Yo no podía creerme que hubiera suficiente trabajo si más de novecientas mil personas se abarrotaban en una misma ciudad. Estaba viajando en autobús y en tren, pero aun así no tenía ni idea de lo que era una ciudad.

—¿Hay allí algún lugar al que podamos ir para que nos ayuden a encontrar trabajo?

Dong Zhen rió.

—Eres idiota de verdad. Nadie te va a ayudar, tendrás que hacerlo todo tú solo.

Al oír esto me asaltaron las dudas. Todo cuanto había hecho hasta entonces era cuidar de cabras y hacer sombreros de paja. ¿Qué trabajo iba a poder encontrar? Me acordé de que mi amigo Jian Ping había trabajado en la construcción, así que le pregunté a Dong Zhen:

—¿Qué tal un empleo en la construcción?

—Ese tipo de trabajo puede hacerlo cualquiera, así que la competencia es dura.

Dong Zhen le echó un trago a su cantimplora mientras contestaba. Yo miré el agua con envidia.

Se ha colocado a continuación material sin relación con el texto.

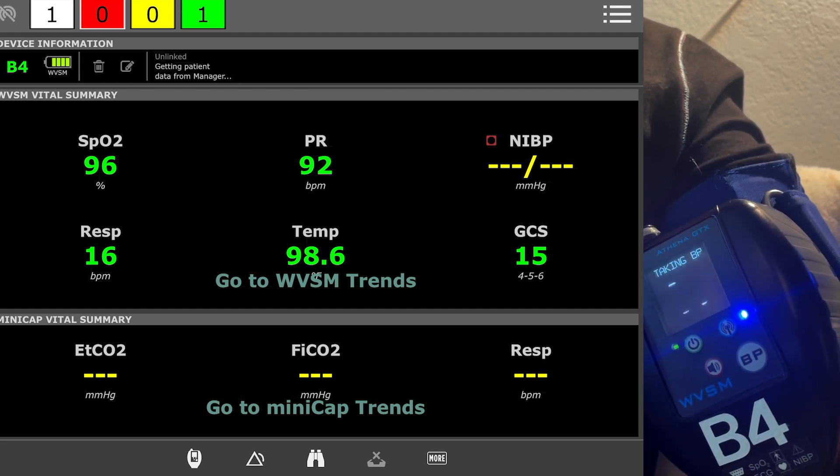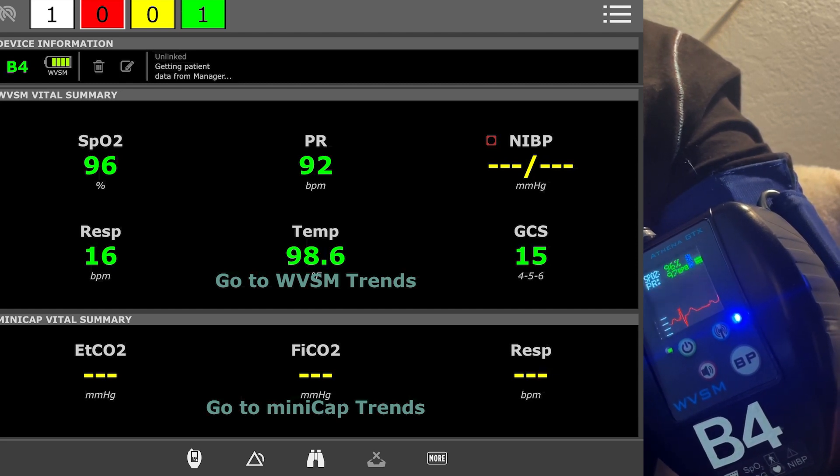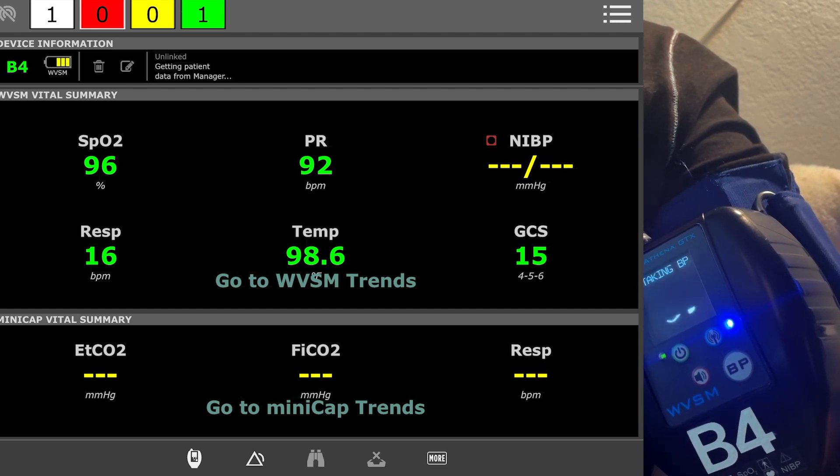I mentioned this doesn't do capnography. There is a mini cap device that I'm hoping to get my hands on at some point that will track your end-tidal FiO2/CO2 and respiration automatically.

—¿Quieres un poco? —preguntó. Y me dejó tomar un trago. Estaba rancia y sabía a pescado, pero aun así me sentía agradecido porque no había tenido que pagar. En todo el tren sólo una persona iba a la universidad, y ése era Dong Zhen. Me imaginé que, al ser un intelectual, me miraría por encima del hombro, pero Dong Zhen era sorprendentemente amable.

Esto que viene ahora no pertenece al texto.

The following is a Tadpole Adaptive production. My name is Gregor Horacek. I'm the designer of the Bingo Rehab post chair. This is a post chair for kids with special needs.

—Seguro que en alguna zona de la ciudad reclutan a trabajadores para un día. Deberías ir allí y esperar. Me han dicho que si llevas tu propia pala y tus herramientas te contratan enseguida.

—¿Y mi hermana pequeña? ¿Qué trabajo podría hacer?

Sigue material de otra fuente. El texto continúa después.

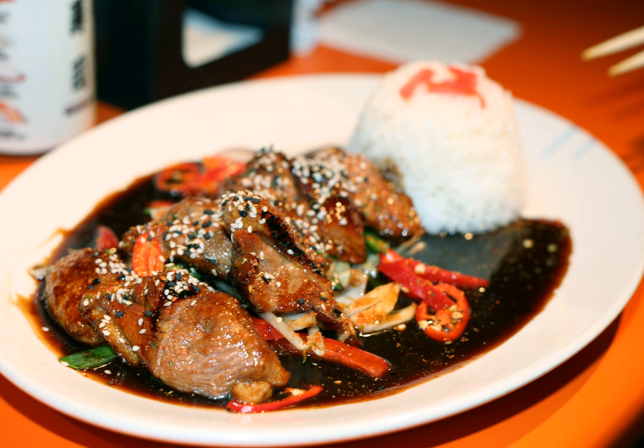Other ingredients sometimes used in Japan include squid, hamburger steak, and meatballs.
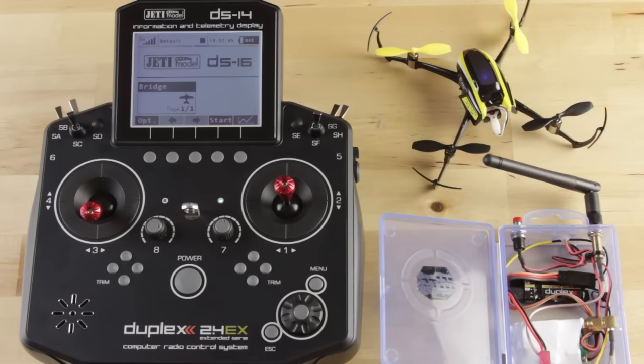That's the easiest way to handle the bind and fly micro product if you want to fly Jeti radio. If you have any questions, reach out to us at JetiUSA or EspritModel.com. Thanks, and we'll see you next time.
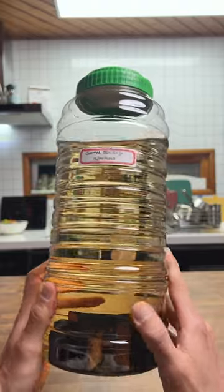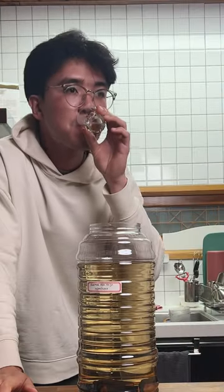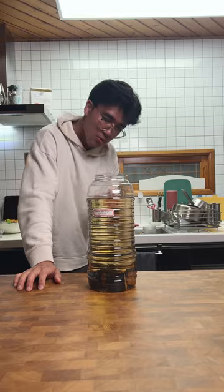There's definitely a change in colour here and it's looking like watered down whiskey. Giving it a taste, it also kind of tastes like watered down whiskey. I'm not a whiskey person, but this definitely has some of the flavours of whiskey going for it.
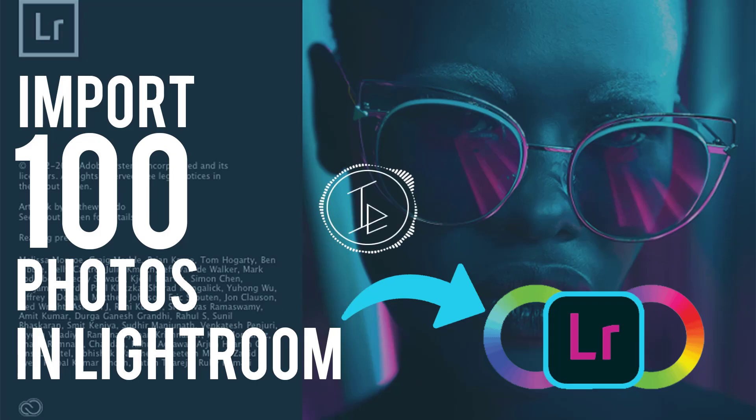Hi there, this is Ikram Shown. In this video I am going to show you how to import 100 photos with just one click in Lightroom.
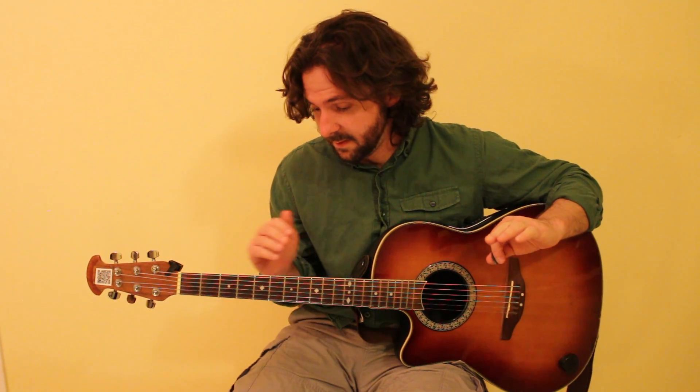And the entire song just uses those three chords, and that's it. So let's play through the song.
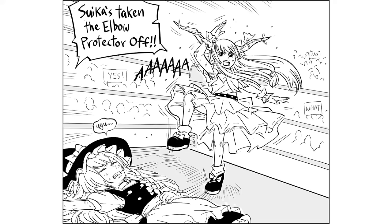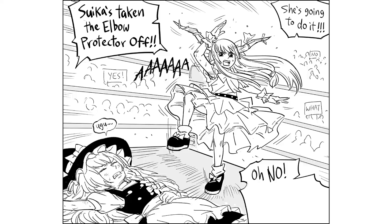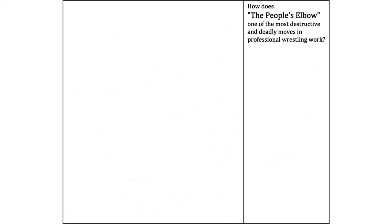Zika's taking the elbow protector off! She's going to do it! Oh no! Hereson can possibly take any more punishment! How does the People's Elbow, one of the most destructive and deadly moves in professional wrestling, work?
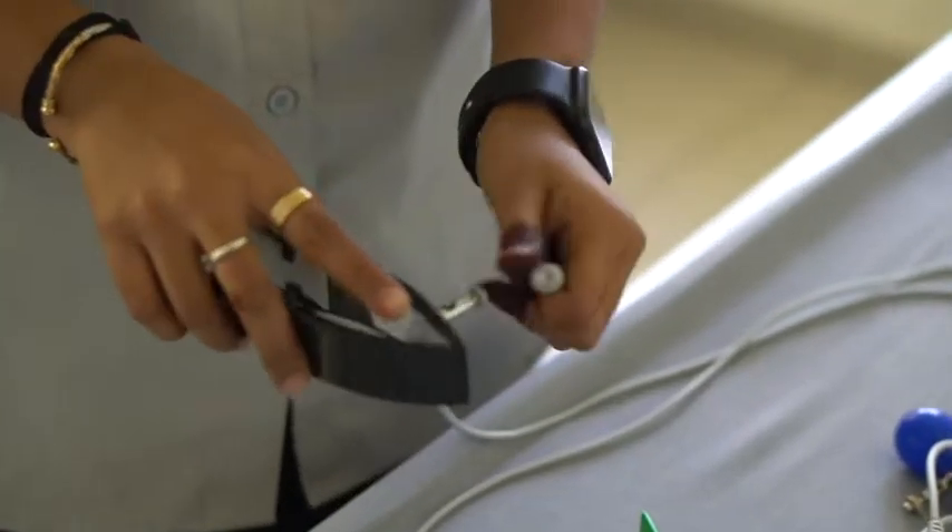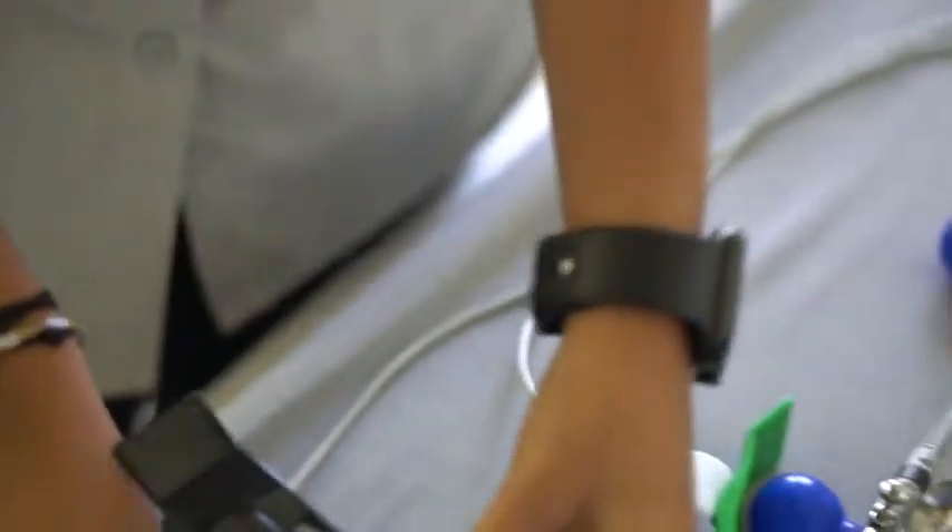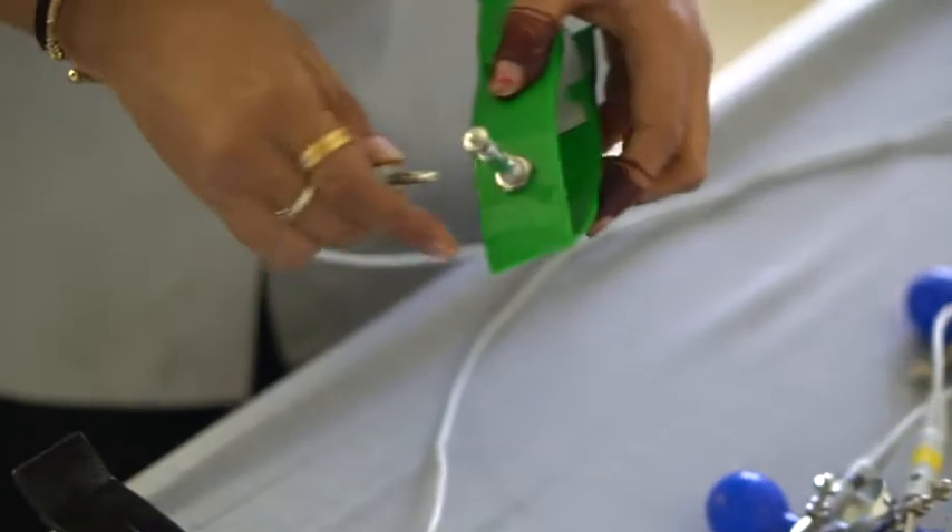Next, attach the 4 ECG clamps to the corresponding limb leads. You can simply match the color of the remaining wires to the color of the clamps.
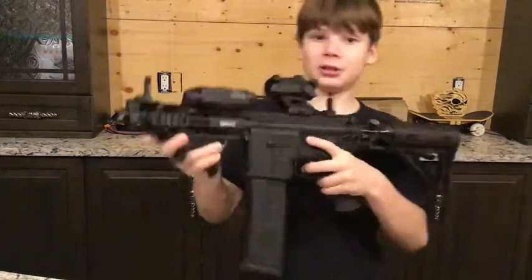Hey guys, it's Midnight Paintball, and today I'm doing a review on the 468 Widowmaker. I just got the thing for Christmas. It is super nice.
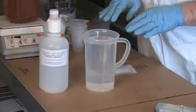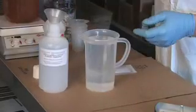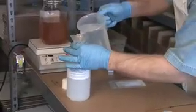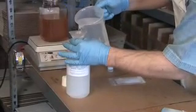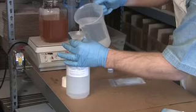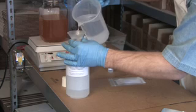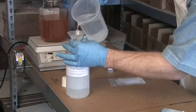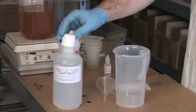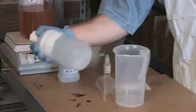We now have fully dissolved catalyst in our liquid, so we're going to pour this right into our jar. We will use this jar for our titration solution going forward. Very slowly, I'm just getting it in there. We've finished pouring. I'm going to seal this up and, just to make sure it's good and mixed, shake it a little bit.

—Las mujeres pueden conseguir toda clase de empleos cuidando niños, como criadas, como enfermeras y como asistentes funerarias en las morgues. Luego hay trabajos como guías en los crematorios, servidoras de té y varios más…, aunque en todos ellos pagan muy poco.

—¿Cómo es que eres un experto en esto?

—Sólo es sentido común, pero supongo que a tu lado debo de parecer muy listo, ¡tú no sabes mucho de nada! Ya verás. Los tipos que van a la ciudad en busca de trabajo suelen hablar mucho, y las noticias se propagan como la pólvora. Antes de lo que imaginas, ya lo sabrás todo. —Dong Zhen se inclinó hacia mí—. Tu hermanita no parece el tipo de chica que acepta la clase de empleos que te he enumerado —me susurró al oído.

Mei-kun se había ido al lavabo, y de repente me di cuenta de que aún no había vuelto. Miré a mi alrededor y vi que estaba de pie junto al baño, la puerta abierta de par en par, hablando íntimamente con el grupo de matones. ¿Qué era tan divertido?, me pregunté, porque habían empezado a reírse de repente. Los demás pasajeros del tren se volvieron —como si les hubieran hecho una señal— y observaron a los cuatro. Me fijé en que mi hermana no le quitaba ojo al
yakuza
. Estaba tonteando con él y eso me hizo sentir mareado. Dong Zhen me propinó un codazo en las costillas.